El paseo por la exposición me distrajo un rato y luego me
decidí a hacer la cola que habilitaba la entrada a una carpa-santuario donde
permanecía el gran Ray sin ser visto por los que esperaban fuera de allí. Eran
cuadras, remolinos de gente. Durante horas confraternicé con los que me
rodeaban. Cuando comenzaba a anochecer, ocurrió lo impensado. Un guardia de
seguridad caminó la cola como un esbirro de la muerte mientras anunciaba que en
algún momento no muy lejano la puerta del santuario se iba a cerrar y el que
quedara afuera no lograría ver a Bradbury. Fue notable cómo la noticia rompió
la amistosa comunión de la cola. Todos nos mirábamos pensando quién sería el
afortunado que entrara y quién quedaría excluido. Seguimos avanzando con los
cuerpos en tensión. Nadie abandonó su lugar.
Faltaban pocos metros para trasponer la meta y el guardia se
paró en la puerta y dijo: “Bueno, es el último grupo que pasa”. No definió
grupo. No aclaró qué número de personas conforman un grupo. El grupo se formó
con las personas delante de mí y yo. Fui la última. La que recibió los aplausos
de los de adentro y la bocanada de odio de los de afuera. Fue el primer golpe
de suerte.
Bradbury estaba cansado pero contento de ver el final de la
cola. Me sonrió. Le di el libro. Lo autografió. Y con timidez dije algo como
“Can I take a picture?” Entonces él me invitó a la foto. A que yo saliera con
él. Y me apoyó su mano en la cabeza para sostener mi cara junto a la de él,
mientras uno de mis amigos de la cola tomaba la foto. Segundo golpe de suerte.
Le dije “Thank you!” y él estiró su brazo para que me
acercara a darle un beso. Fue algo rápido, no nos pusimos de acuerdo o
acordamos demasiado, y el beso fue en los labios. Risas. Bye bye. Tercer golpe
de suerte.
Mientras escribo pienso en que pasaron muchos años y yo sigo
recordando la anécdota cada vez que alguien lo nombra.
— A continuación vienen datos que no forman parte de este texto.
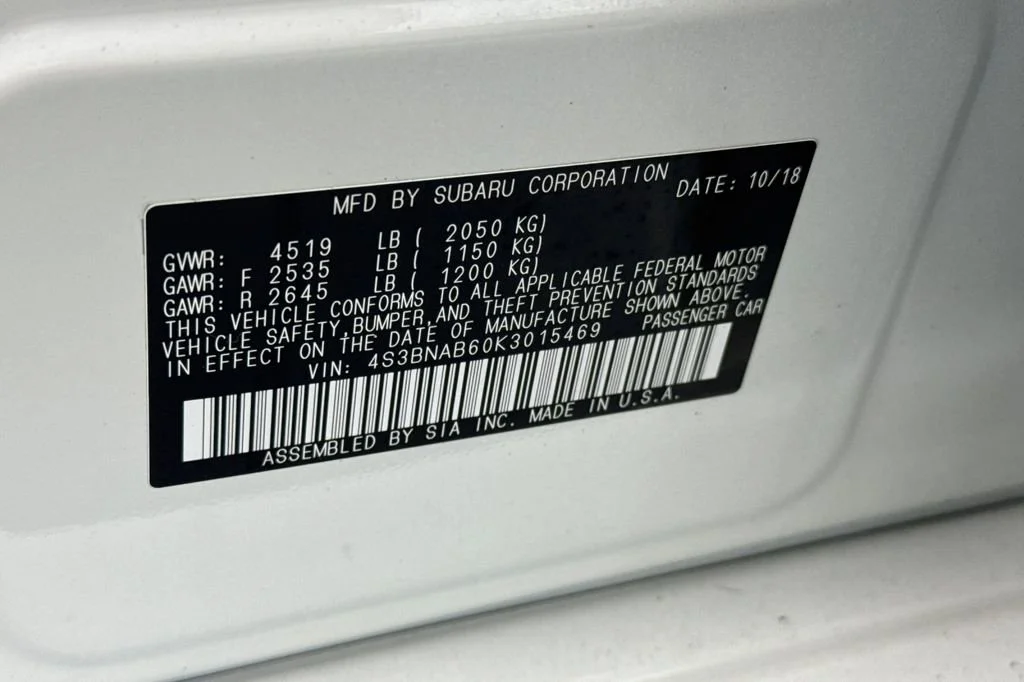 2019 Subaru Legacy Base - Photo 27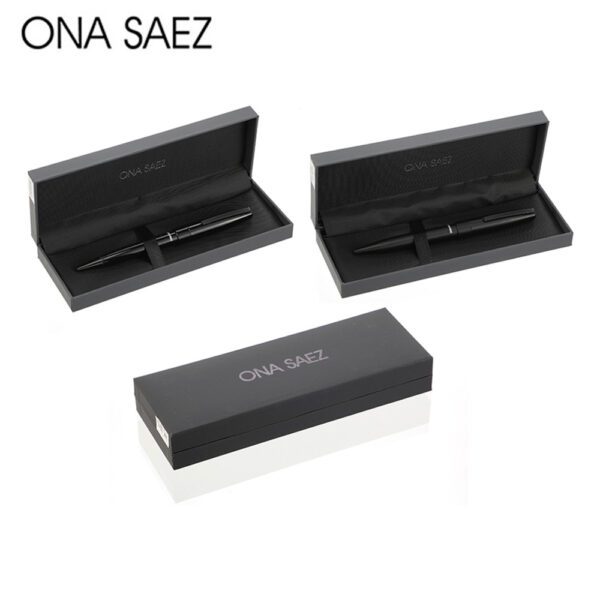 Boligrafo Ona Saez Matt Black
Hoy me decido a
escribirla porque me entero de su muerte y la tristeza no tiene tanta magnitud
como mi recuerdo. Releo el volumen autografiado:
“Pero ahora había que caminar toda la mañana hasta el
mediodía, y si los hombres guardaban silencio era porque había que pensar en
todo, y muchas cosas que recordar. Quizás más tarde en la mañana, cuando el sol
estuviese alto y los hubiese calentado, comenzarían a hablar, o a recitar las
cosas que recordaban, para estar seguros de que estaban allí, para tener la
certeza de que ciertas cosas estaban a salvo.”
2 comentarios:
ayyy no sabia de eso, tuviste una aventura con este grande amiga, sos lo mas!!!! te quiero, que magia trasmitis!
Leyendo este blog creo que el deseo de transmigración literaria se cumplió con creces. Bellísima anecdota.